▶ _How to complete this task_
Once the line containing "Miniatura 5 de" is found in the entries below, restate it and each following line word for word, stopping after the line containing "Versace Collection Medusa".

═════ Data supplied ═════

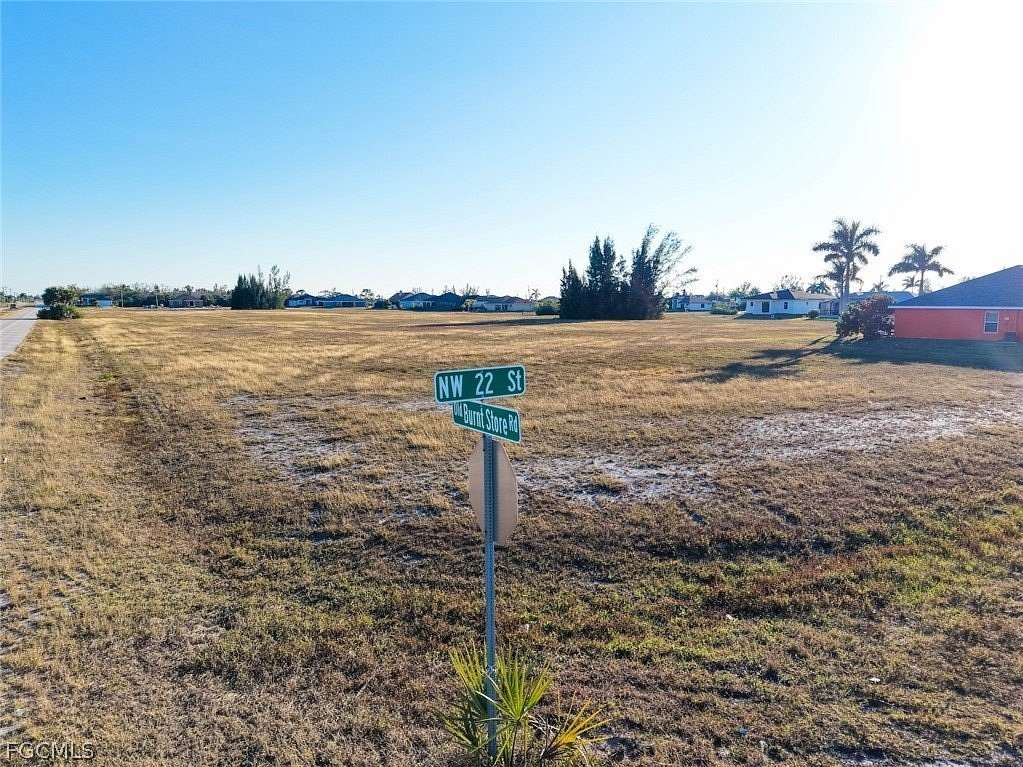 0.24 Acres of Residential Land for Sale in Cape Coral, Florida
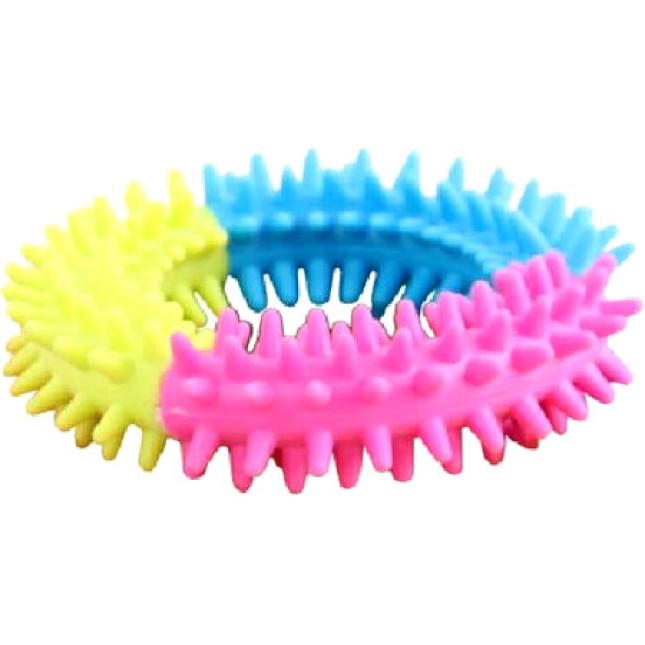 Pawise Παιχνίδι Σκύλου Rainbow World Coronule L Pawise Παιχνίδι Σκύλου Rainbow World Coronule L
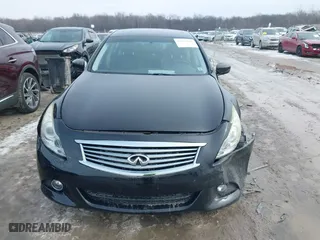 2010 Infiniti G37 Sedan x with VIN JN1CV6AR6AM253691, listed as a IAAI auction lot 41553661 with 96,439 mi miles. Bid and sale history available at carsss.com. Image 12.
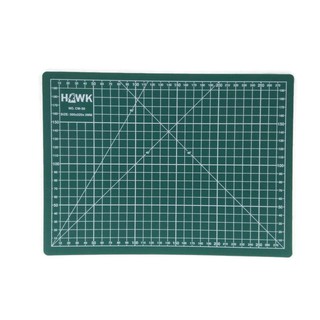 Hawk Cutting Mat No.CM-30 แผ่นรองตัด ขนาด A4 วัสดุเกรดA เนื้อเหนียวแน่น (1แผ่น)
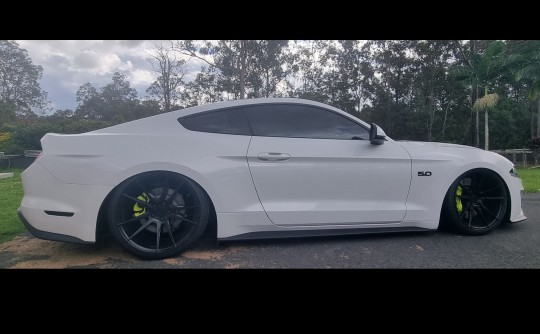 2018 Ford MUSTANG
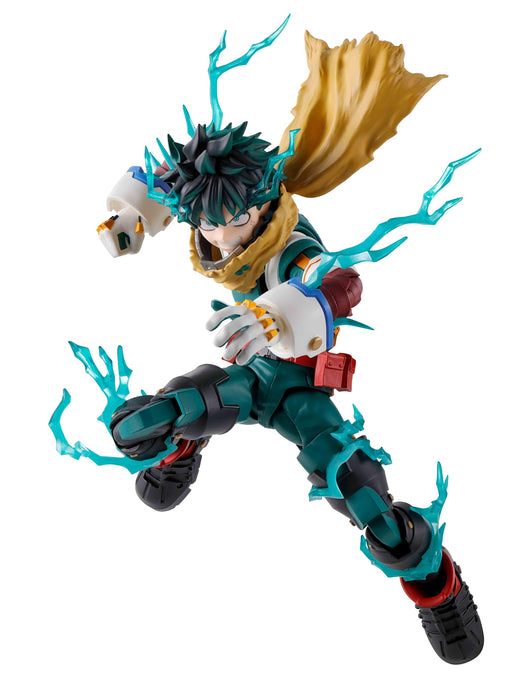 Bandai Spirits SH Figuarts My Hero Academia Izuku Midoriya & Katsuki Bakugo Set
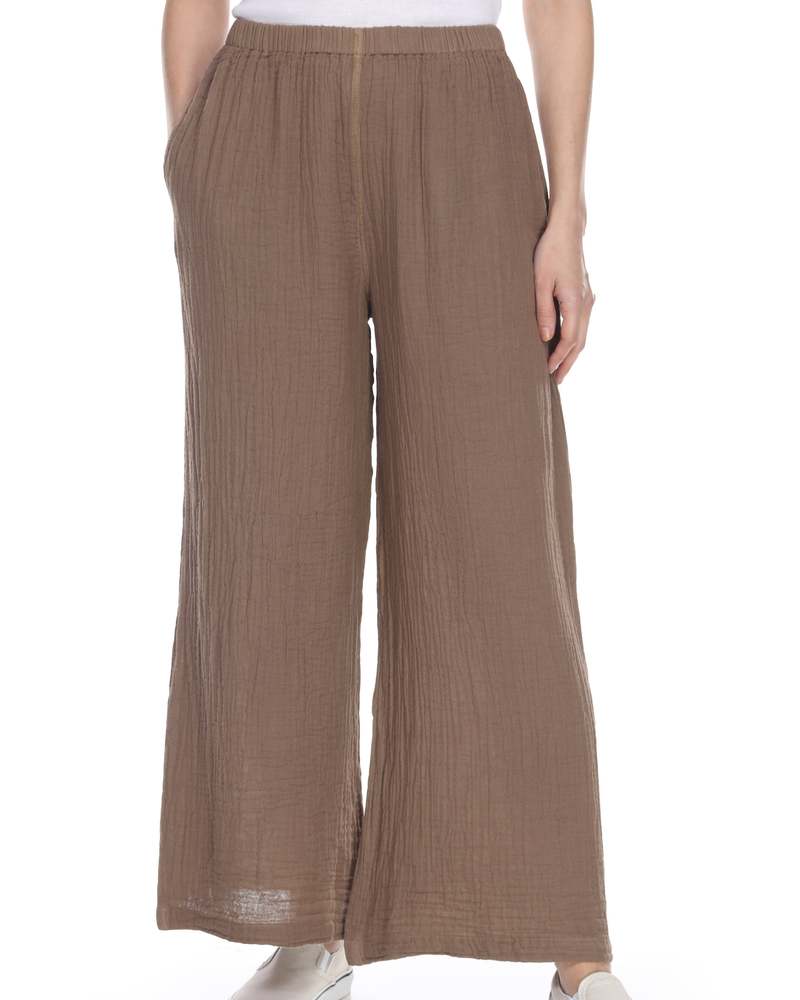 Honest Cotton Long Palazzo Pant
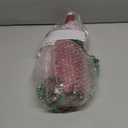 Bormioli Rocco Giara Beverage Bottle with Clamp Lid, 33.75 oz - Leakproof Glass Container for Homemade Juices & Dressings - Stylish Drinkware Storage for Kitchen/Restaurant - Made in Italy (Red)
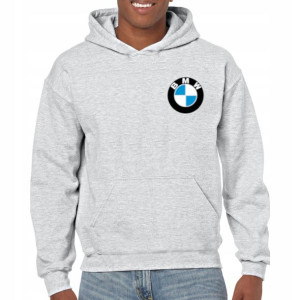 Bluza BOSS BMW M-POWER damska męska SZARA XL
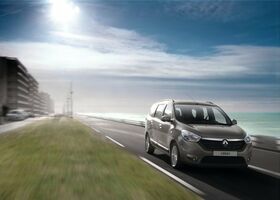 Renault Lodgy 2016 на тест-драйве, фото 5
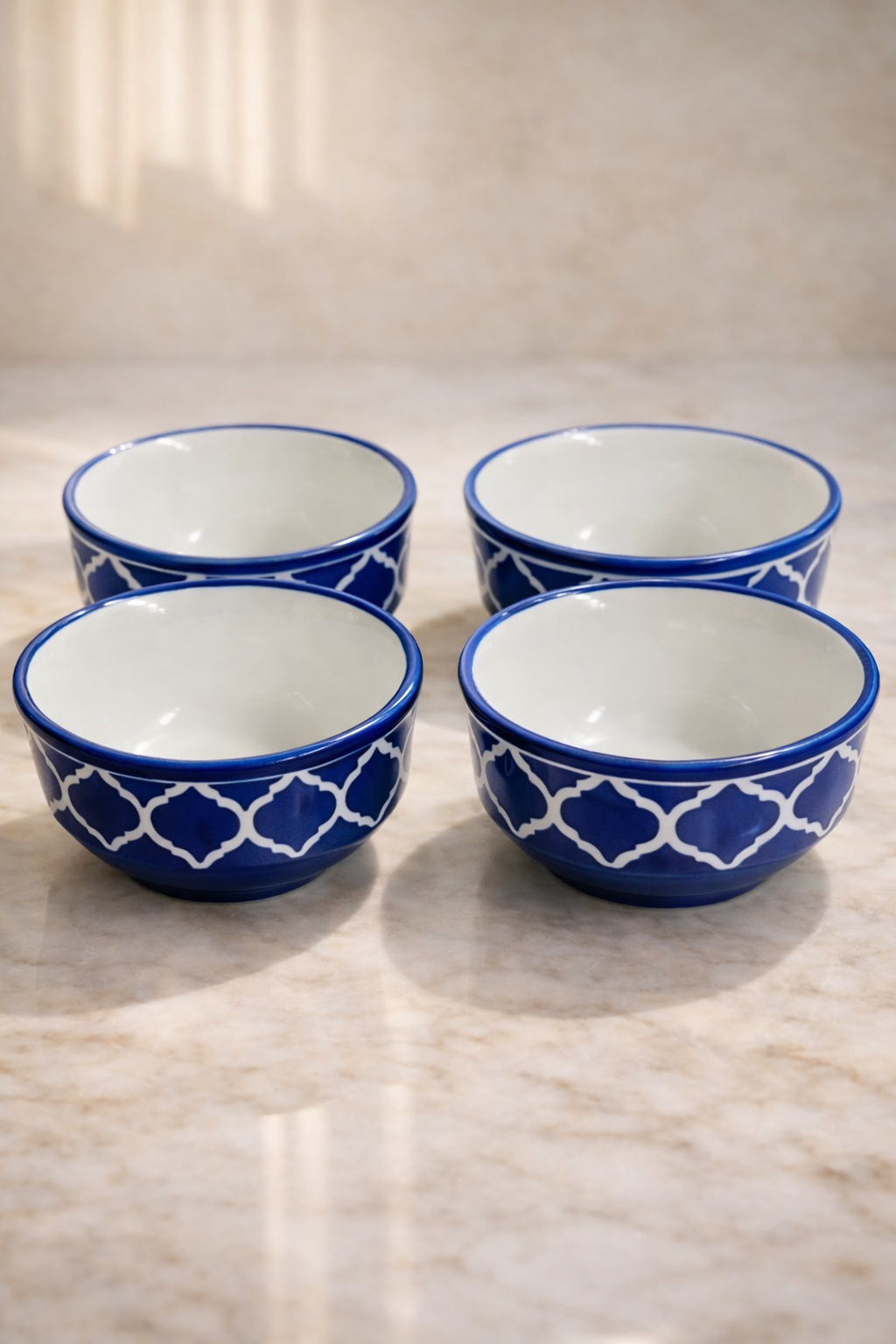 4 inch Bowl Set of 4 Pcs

═════
═════ Data supplied ═════

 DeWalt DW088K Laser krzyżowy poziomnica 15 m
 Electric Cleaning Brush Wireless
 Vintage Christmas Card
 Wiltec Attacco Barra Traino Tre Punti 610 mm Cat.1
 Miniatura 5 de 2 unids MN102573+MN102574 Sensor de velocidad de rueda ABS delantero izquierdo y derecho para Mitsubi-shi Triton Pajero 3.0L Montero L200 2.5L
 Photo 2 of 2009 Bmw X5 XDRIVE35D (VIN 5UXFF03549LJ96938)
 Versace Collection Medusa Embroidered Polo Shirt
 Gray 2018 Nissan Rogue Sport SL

═════
═════ Data supplied ═════

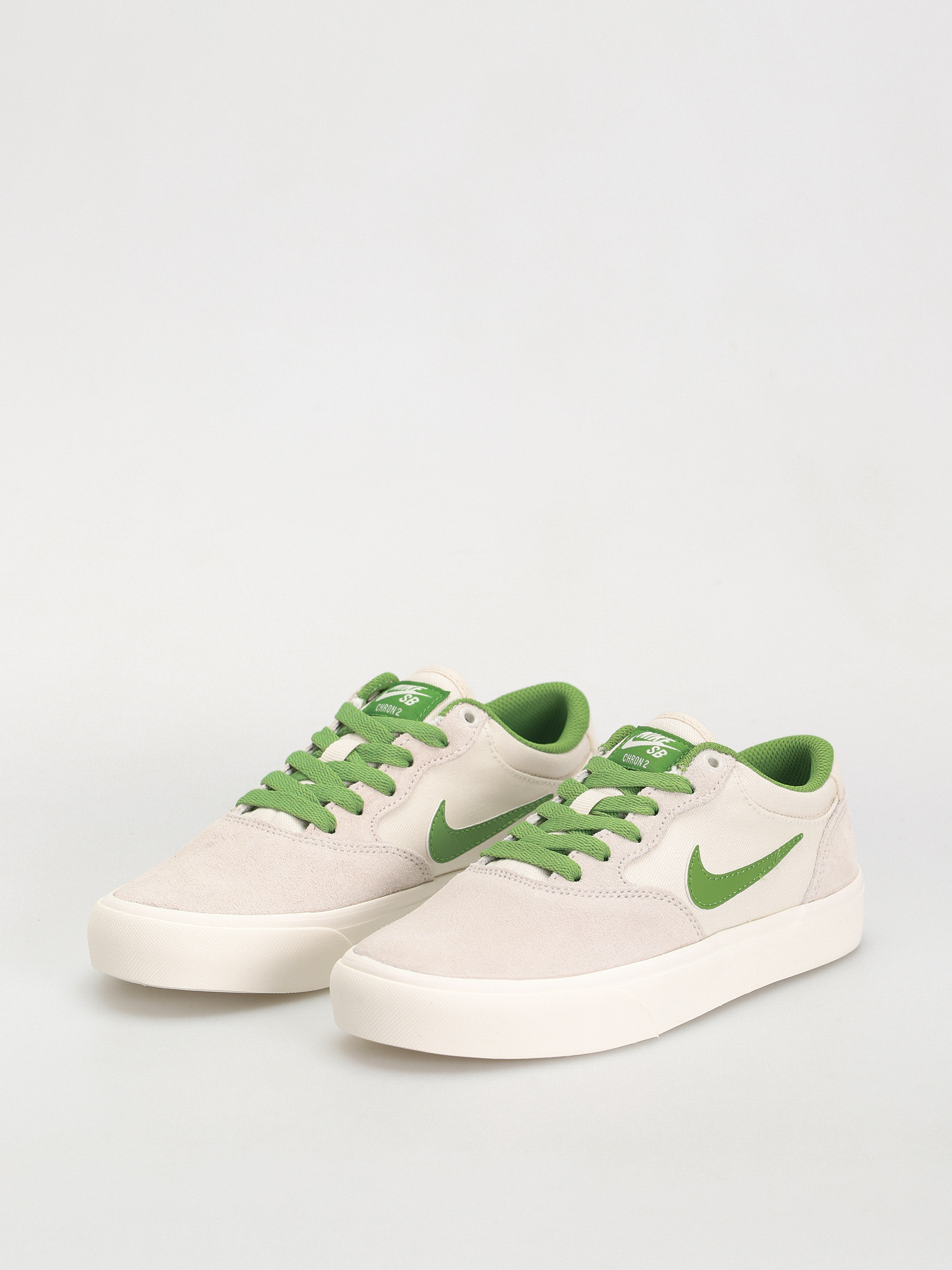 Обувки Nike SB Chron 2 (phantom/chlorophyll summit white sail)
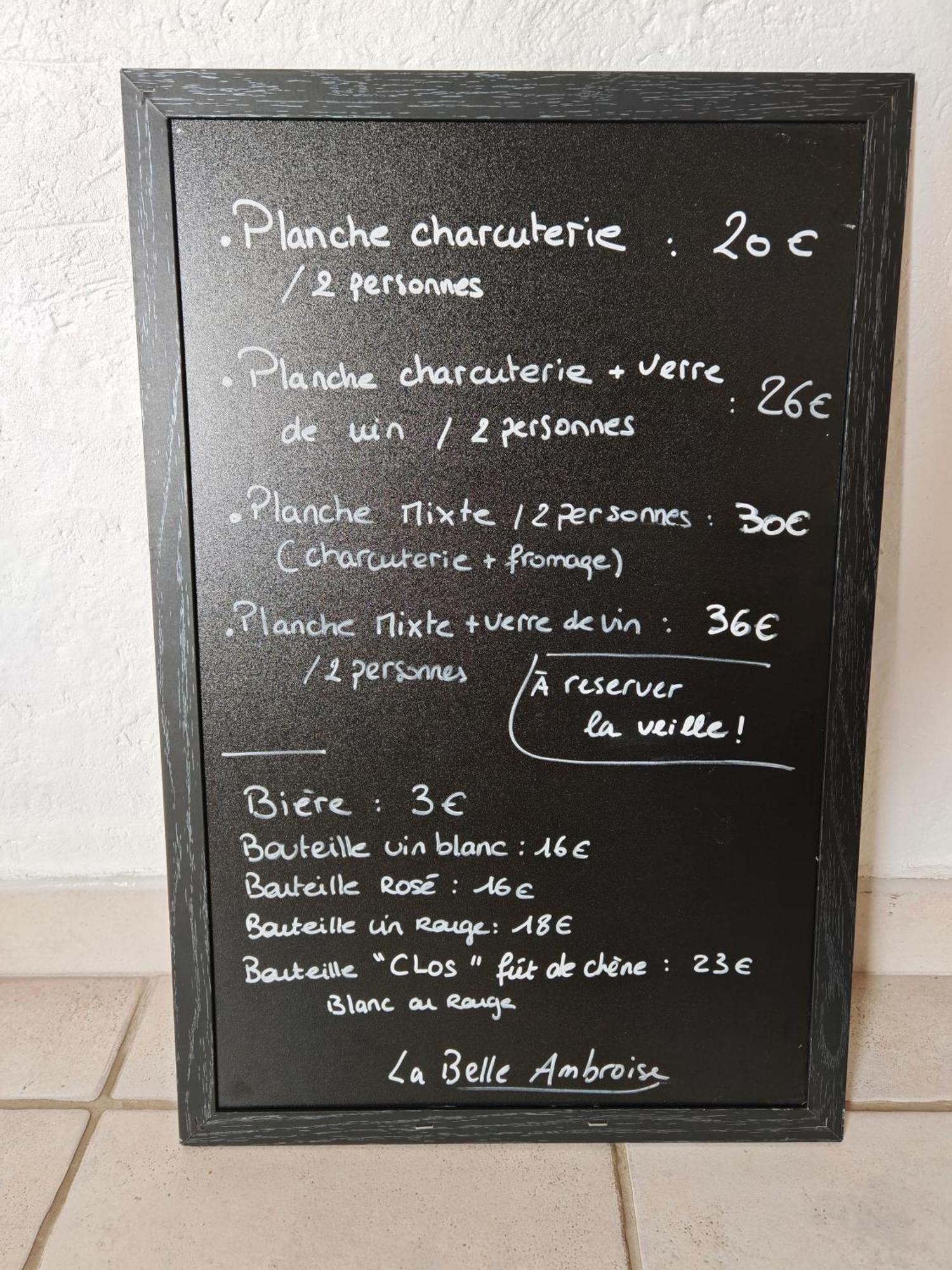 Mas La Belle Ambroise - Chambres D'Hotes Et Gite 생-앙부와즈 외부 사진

═════

▶ _Solved problem_
 Miniatura 5 de 2 unids MN102573+MN102574 Sensor de velocidad de rueda ABS delantero izquierdo y derecho para Mitsubi-shi Triton Pajero 3.0L Montero L200 2.5L
 Photo 2 of 2009 Bmw X5 XDRIVE35D (VIN 5UXFF03549LJ96938)
 Versace Collection Medusa Embroidered Polo Shirt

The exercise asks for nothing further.